── Supplied entries ──
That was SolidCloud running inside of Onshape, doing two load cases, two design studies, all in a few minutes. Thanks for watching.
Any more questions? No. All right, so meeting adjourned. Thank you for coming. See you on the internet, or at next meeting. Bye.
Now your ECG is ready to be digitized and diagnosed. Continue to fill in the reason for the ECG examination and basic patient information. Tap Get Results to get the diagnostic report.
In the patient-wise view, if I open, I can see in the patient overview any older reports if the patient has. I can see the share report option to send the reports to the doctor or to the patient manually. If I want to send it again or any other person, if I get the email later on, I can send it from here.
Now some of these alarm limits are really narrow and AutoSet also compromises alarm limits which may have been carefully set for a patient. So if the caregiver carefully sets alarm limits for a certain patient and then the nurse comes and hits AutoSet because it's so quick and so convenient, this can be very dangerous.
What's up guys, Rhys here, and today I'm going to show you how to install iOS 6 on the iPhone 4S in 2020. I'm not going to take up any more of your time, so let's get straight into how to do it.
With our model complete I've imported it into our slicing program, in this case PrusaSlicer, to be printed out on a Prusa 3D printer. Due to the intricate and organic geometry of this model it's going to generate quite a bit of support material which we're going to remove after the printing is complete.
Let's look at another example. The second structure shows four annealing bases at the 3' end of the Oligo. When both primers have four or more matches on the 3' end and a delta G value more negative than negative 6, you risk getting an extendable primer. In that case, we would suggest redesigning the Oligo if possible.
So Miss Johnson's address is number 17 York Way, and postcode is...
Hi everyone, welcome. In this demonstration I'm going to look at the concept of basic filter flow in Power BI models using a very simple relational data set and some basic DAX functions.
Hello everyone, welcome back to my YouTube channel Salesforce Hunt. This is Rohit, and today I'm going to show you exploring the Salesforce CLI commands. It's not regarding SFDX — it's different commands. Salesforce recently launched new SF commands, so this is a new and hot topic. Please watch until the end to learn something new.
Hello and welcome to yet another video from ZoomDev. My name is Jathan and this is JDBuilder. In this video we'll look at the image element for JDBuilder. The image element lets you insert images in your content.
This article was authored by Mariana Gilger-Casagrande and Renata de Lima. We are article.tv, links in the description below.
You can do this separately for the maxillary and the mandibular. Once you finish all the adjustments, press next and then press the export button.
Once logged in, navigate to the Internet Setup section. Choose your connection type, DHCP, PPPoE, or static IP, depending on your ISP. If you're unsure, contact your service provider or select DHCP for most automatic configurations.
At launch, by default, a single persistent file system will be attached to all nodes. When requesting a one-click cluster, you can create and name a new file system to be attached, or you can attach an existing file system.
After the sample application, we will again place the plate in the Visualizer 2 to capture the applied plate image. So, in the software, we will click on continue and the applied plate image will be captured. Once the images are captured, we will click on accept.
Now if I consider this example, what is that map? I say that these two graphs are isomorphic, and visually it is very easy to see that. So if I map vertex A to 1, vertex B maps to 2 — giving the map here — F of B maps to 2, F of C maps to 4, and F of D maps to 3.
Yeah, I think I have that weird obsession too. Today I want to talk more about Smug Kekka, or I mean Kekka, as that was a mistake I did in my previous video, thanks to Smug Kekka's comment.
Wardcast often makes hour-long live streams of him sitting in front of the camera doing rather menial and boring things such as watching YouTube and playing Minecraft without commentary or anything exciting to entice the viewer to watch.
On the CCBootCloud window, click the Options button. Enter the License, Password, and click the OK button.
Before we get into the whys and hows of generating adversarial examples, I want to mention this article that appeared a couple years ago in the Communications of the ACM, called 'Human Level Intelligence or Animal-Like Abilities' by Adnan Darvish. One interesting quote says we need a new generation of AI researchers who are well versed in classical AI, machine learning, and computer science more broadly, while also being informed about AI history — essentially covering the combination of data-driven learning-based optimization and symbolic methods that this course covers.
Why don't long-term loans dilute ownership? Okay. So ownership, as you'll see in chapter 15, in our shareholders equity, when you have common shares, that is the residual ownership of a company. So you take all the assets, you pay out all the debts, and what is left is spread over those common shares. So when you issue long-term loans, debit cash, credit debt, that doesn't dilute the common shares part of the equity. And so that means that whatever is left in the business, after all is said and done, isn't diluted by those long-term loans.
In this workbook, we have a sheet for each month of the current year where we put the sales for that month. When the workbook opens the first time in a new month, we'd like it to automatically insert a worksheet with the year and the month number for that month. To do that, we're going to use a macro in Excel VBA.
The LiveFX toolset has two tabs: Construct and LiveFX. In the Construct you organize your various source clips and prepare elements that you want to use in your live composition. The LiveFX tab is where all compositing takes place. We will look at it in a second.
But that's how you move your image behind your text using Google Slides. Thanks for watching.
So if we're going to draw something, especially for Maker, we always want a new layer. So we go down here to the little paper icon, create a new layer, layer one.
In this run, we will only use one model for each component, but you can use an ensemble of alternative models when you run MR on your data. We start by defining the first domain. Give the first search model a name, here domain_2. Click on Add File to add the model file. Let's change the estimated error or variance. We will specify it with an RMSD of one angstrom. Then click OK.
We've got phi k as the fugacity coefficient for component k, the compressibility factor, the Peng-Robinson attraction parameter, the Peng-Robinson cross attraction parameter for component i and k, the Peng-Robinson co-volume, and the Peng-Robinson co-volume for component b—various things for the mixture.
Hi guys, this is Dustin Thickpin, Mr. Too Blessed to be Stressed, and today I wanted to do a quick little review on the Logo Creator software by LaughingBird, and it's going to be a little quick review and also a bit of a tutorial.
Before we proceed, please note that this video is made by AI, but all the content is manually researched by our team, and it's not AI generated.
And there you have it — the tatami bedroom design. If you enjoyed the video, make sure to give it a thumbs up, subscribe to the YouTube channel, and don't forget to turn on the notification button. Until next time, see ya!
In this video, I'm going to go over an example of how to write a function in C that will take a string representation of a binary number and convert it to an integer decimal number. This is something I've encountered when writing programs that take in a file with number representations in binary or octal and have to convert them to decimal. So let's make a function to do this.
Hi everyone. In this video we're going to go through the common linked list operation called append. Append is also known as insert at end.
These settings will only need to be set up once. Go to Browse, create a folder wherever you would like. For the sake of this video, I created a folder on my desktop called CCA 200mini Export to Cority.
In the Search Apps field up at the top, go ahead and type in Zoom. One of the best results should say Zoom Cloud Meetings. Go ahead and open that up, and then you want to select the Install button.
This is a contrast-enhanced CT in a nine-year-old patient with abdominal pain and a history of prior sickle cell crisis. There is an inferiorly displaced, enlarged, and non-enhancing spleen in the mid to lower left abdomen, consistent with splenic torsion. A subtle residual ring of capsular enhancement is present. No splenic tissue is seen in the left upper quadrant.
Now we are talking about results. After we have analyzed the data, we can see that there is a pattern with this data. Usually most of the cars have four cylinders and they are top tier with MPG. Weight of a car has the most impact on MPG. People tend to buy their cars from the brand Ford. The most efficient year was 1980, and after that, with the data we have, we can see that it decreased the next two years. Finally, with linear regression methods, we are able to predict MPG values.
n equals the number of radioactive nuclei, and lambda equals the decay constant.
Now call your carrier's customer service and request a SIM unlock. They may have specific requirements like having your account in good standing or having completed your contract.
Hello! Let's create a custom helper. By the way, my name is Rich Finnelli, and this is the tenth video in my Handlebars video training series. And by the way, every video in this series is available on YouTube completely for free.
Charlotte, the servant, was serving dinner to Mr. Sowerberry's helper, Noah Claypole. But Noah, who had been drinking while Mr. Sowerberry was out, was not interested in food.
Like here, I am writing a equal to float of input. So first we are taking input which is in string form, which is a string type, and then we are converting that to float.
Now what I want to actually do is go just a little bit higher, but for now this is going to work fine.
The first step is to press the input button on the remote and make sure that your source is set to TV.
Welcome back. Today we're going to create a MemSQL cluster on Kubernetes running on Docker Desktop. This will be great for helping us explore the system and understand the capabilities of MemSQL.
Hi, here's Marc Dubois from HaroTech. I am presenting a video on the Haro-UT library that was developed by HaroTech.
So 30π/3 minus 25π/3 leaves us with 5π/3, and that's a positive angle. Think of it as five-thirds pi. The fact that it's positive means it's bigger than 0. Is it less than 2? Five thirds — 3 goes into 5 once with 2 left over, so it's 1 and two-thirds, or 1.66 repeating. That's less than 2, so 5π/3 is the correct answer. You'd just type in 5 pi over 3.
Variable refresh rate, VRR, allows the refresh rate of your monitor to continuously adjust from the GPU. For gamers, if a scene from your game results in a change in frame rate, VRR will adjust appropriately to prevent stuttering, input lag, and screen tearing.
───
### Try it
Return, word for word, the lines of the data above from the line with "In this workbook, we" through the line with "And there you", inclusive.

### Exercise response
In this workbook, we have a sheet for each month of the current year where we put the sales for that month. When the workbook opens the first time in a new month, we'd like it to automatically insert a worksheet with the year and the month number for that month. To do that, we're going to use a macro in Excel VBA.
The LiveFX toolset has two tabs: Construct and LiveFX. In the Construct you organize your various source clips and prepare elements that you want to use in your live composition. The LiveFX tab is where all compositing takes place. We will look at it in a second.
But that's how you move your image behind your text using Google Slides. Thanks for watching.
So if we're going to draw something, especially for Maker, we always want a new layer. So we go down here to the little paper icon, create a new layer, layer one.
In this run, we will only use one model for each component, but you can use an ensemble of alternative models when you run MR on your data. We start by defining the first domain. Give the first search model a name, here domain_2. Click on Add File to add the model file. Let's change the estimated error or variance. We will specify it with an RMSD of one angstrom. Then click OK.
We've got phi k as the fugacity coefficient for component k, the compressibility factor, the Peng-Robinson attraction parameter, the Peng-Robinson cross attraction parameter for component i and k, the Peng-Robinson co-volume, and the Peng-Robinson co-volume for component b—various things for the mixture.
Hi guys, this is Dustin Thickpin, Mr. Too Blessed to be Stressed, and today I wanted to do a quick little review on the Logo Creator software by LaughingBird, and it's going to be a little quick review and also a bit of a tutorial.
Before we proceed, please note that this video is made by AI, but all the content is manually researched by our team, and it's not AI generated.
And there you have it — the tatami bedroom design. If you enjoyed the video, make sure to give it a thumbs up, subscribe to the YouTube channel, and don't forget to turn on the notification button. Until next time, see ya!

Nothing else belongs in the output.